Since no findings were made in the state court action, one can only speculate as to precisely when in the continuum the damages began to accrue. Even if the first two claims for relief were difficult to prove, the settling parties did not separately quantify the proceeds relative to each claim. Mrs. Larsen’s counsel testified here that neither he nor the Larsens specifically calculated the actual damages relating to each separate claim. Furthermore, the doctrine of res judicata now bars such a calculation.

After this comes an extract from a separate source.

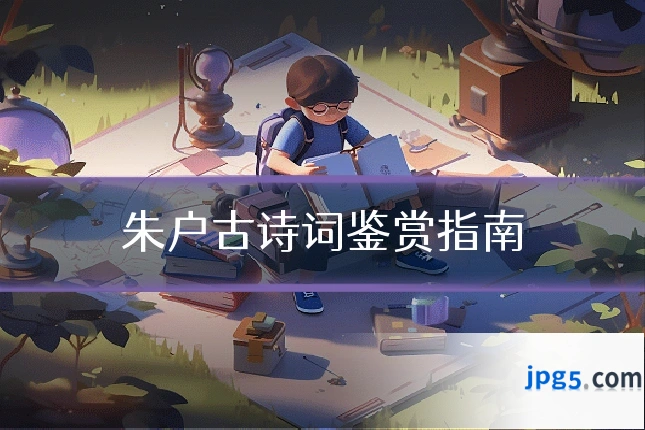 朱户古诗词鉴赏指南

Other evidence admitted here shows that Mr. Andrews’ counsel thought the breach of fiduciary duty claim meritless. Without addressing the merits of that claim, it is as plausible that damages began to accrue when Mr. Andrews sent the letter to the Larsens as it is to assume the damages accrued strictly after the indictment. The court concludes that the alleged damages on the breach of fiduciary duty claim arose at least in part “up to the date of filing the (chapter 13) petition.”
Conclusion
The court concludes that the consideration paid through settlement of the state court malpractice action was proceeds relating to the entire case, including claims for damages existing on the date of filing the chapter 13 petition. Pursuant to the settlement and *816Agreed Order with the IRS, those funds are collateral of the IRS. ■
Accordingly, the motion of the Internal Revenue Service is granted and the standing chapter 13 trustee is hereby ORDERED to forthwith turn over to the Internal Revenue Service, or its agent, the funds received from the Clerk of the Ninth Judicial District Court for the State of Wyoming paid in case no. 94-20052 and through Probate No. 8932.